I couldn't find anything to say, and just angrily slapped my hands on the armrests of my chair.

“I'll try to explain,” said Glaya. “Imagine a mountain avalanche burying mountaineers. You wouldn't seek revenge on the avalanche, would you?”

“Idiocy,” I muttered. “Non-resistance to evil.”

“Why non-resistance? Our epics have many tales in which yutas prevent a dragon from killing their friends. They're just not heroes, so they act rationally, together. A lone hero only appears in the epic of a predator.”

“Why?”

“Because a hero is not someone who is stronger than enemies. A hero is someone who is stronger than his own. There should be no equals for him in what he does, so predator heroes act alone. In our tales, there are usually no heroes or enemies. But I wanted to tell you this particular tale so that you could compare it to your epic.”

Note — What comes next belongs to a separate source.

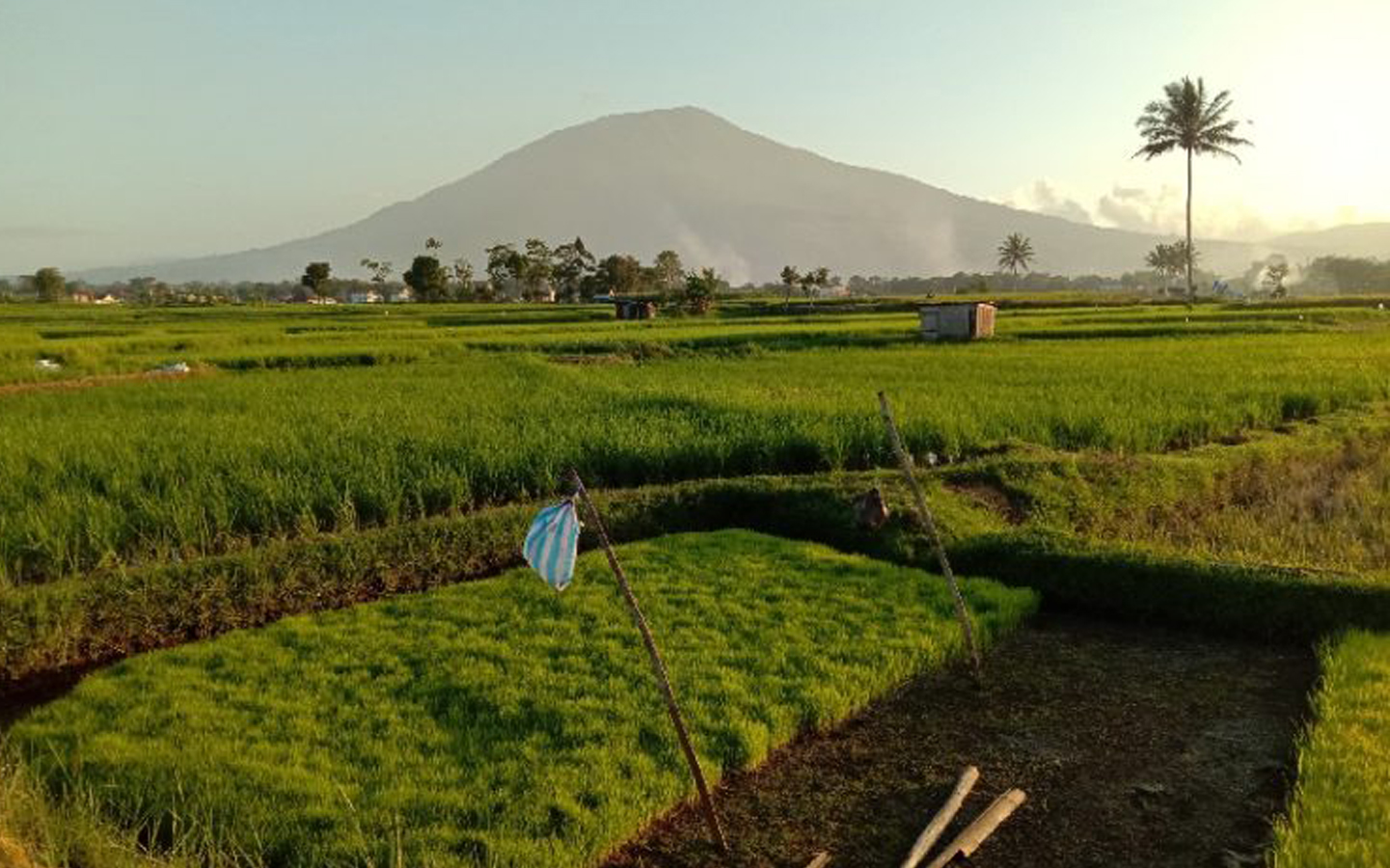Setitik Surga Di Kelurahan Pakan Labuah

“I see,” I smirked. “To show me how bad our tales are and how good yours are?”

“How amazing,” murmured Glaya, rubbing her velvet ear against my knee, turning around, and looking me in the eye. “You turn every conversation into a fight. Do you seriously think I want to insult your epic and praise mine?”

“Sorry,” I stammered.

“Sorry...” repeated Glaya thoughtfully. “This word was the hardest for me to learn. There is no word 'sorry' in our language.”

“How do you ask for forgiveness then?”

“We don't ask for forgiveness. We have the word 'schyuits' — a delusion, a mistake. You can say to the interlocutor 'my words were schyuits.' But there's no need to demonstrate a lack of aggression and ask not to be punished for the offense, you understand?”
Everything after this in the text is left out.